Each line below must be reproduced exactly.

==== Listed records ====

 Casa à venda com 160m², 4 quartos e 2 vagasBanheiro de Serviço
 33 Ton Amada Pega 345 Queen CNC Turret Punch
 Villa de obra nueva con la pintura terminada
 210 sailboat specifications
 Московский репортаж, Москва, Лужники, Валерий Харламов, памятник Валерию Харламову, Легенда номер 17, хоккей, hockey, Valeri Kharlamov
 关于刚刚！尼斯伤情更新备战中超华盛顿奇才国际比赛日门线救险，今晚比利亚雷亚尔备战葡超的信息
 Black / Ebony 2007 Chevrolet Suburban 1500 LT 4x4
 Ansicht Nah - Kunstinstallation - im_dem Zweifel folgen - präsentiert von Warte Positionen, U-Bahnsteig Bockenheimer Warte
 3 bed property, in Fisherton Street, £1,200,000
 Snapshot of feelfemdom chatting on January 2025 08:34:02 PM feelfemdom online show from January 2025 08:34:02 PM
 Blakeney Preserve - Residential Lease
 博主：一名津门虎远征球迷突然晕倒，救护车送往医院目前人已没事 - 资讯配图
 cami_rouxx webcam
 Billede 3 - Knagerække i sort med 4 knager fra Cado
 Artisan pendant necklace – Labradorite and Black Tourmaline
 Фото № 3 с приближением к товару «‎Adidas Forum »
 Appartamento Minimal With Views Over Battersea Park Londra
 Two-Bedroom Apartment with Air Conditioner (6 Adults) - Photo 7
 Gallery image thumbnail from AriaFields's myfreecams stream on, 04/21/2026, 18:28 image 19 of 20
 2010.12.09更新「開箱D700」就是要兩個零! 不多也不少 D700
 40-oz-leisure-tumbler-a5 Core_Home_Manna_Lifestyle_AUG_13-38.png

====

## Written answer
 Casa à venda com 160m², 4 quartos e 2 vagasBanheiro de Serviço
 33 Ton Amada Pega 345 Queen CNC Turret Punch
 Villa de obra nueva con la pintura terminada
 210 sailboat specifications
 Московский репортаж, Москва, Лужники, Валерий Харламов, памятник Валерию Харламову, Легенда номер 17, хоккей, hockey, Valeri Kharlamov
 关于刚刚！尼斯伤情更新备战中超华盛顿奇才国际比赛日门线救险，今晚比利亚雷亚尔备战葡超的信息
 Black / Ebony 2007 Chevrolet Suburban 1500 LT 4x4
 Ansicht Nah - Kunstinstallation - im_dem Zweifel folgen - präsentiert von Warte Positionen, U-Bahnsteig Bockenheimer Warte
 3 bed property, in Fisherton Street, £1,200,000
 Snapshot of feelfemdom chatting on January 2025 08:34:02 PM feelfemdom online show from January 2025 08:34:02 PM
 Blakeney Preserve - Residential Lease
 博主：一名津门虎远征球迷突然晕倒，救护车送往医院目前人已没事 - 资讯配图
 cami_rouxx webcam
 Billede 3 - Knagerække i sort med 4 knager fra Cado
 Artisan pendant necklace – Labradorite and Black Tourmaline
 Фото № 3 с приближением к товару «‎Adidas Forum »
 Appartamento Minimal With Views Over Battersea Park Londra
 Two-Bedroom Apartment with Air Conditioner (6 Adults) - Photo 7
 Gallery image thumbnail from AriaFields's myfreecams stream on, 04/21/2026, 18:28 image 19 of 20
 2010.12.09更新「開箱D700」就是要兩個零! 不多也不少 D700
 40-oz-leisure-tumbler-a5 Core_Home_Manna_Lifestyle_AUG_13-38.png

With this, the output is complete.